On Tue, Dec 15, 2020 at 12:35 PM Saeed Mahameed <saeed@kernel.org> wrote:
>
> On Tue, 2020-12-15 at 11:12 -0800, Alexander Duyck wrote:
> > On Mon, Dec 14, 2020 at 10:15 PM Saeed Mahameed <saeed@kernel.org>
> > wrote:
> > > On Mon, 2020-12-14 at 17:53 -0800, Alexander Duyck wrote:
> > > > On Mon, Dec 14, 2020 at 1:49 PM Saeed Mahameed <saeed@kernel.org>
> > > > wrote:
> > > > > Hi Dave, Jakub, Jason,
> > > > >
> > > > > This series form Parav was the theme of this mlx5 release
> > > > > cycle,
> > > > > we've been waiting anxiously for the auxbus infrastructure to
> > > > > make
> > > > > it into
> > > > > the kernel, and now as the auxbus is in and all the stars are
> > > > > aligned, I
> > > > > can finally submit this V2 of the devlink and mlx5 subfunction
> > > > > support.
> > > > >
> > > > > Subfunctions came to solve the scaling issue of virtualization
> > > > > and switchdev environments, where SRIOV failed to deliver and
> > > > > users
> > > > > ran
> > > > > out of VFs very quickly as SRIOV demands huge amount of
> > > > > physical
> > > > > resources
> > > > > in both of the servers and the NIC.
> > > > >
> > > > > Subfunction provide the same functionality as SRIOV but in a
> > > > > very
> > > > > lightweight manner, please see the thorough and detailed
> > > > > documentation from Parav below, in the commit messages and the
> > > > > Networking documentation patches at the end of this series.
> > > > >
> > > >
> > > > Just to clarify a few things for myself. You mention
> > > > virtualization
> > > > and SR-IOV in your patch description but you cannot support
> > > > direct
> > > > assignment with this correct? The idea here is simply logical
> > > > partitioning of an existing network interface, correct? So this
> > > > isn't
> > > > so much a solution for virtualization, but may work better for
> > > > containers. I view this as an important distinction to make as
> > > > the
> > >
> > > at the current state yes, but the SF solution can be extended to
> > > support direct assignment, so this is why i think SF solution can
> > > do
> > > better and eventually replace SRIOV.
> >
> > My only real concern is that this and mediated devices are
> > essentially
> > the same thing. When you start making this work for direct-assignment
> > the only real difference becomes the switchdev and devlink
> > interfaces.
>
> not just devlink and switchdev, auxbus was also introduced to
> standardize some of the interfaces.

The auxbus is just there to make up for the fact that there isn't
another bus type for this though.
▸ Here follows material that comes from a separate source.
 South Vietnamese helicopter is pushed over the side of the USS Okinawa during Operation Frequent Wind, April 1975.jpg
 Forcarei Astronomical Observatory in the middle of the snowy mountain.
I would imagine otherwise this would
be on some sort of platform bus.

> > Basically this is netdev specific mdev versus the PCIe specific mdev.
> >
>
> SF is not netdev specific mdev .. :/

I agree it is not. However there are just a few extensions to it. What
I would really like to see is a solid standardization of what this is.
Otherwise the comparison is going to be made. Especially since a year
ago Mellanox was pushing this as an mdev type interface. There is more
here than just mdev, however my concern is that we may be also losing
some of the advantages of mdev.

It would be much easier for me to go along with this if we had more
than one vendor pushing it. My concern is that this is becoming
something that may end up being vendor specific.
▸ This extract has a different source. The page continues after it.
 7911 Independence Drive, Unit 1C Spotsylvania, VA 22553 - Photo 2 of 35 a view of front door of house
> > > also many customers are currently using SRIOV with containers to
> > > get
> > > the performance and isolation features since there was no other
> > > options.
> >
> > There were, but you hadn't implemented them. The fact is the approach
> > Intel had taken for that was offloaded macvlan.
> >
>
> offloaded macvlan is just a macvlan with checksum/tso and gro.
>
> macvlan can't provide RDMA, TC offloads, ethtool steering, PTP, vdpa

Agreed. I have already acknowledged that macvlan couldn't meet the
needs for all use cases. However at the same time it provides a
consistent interface regardless of vendors.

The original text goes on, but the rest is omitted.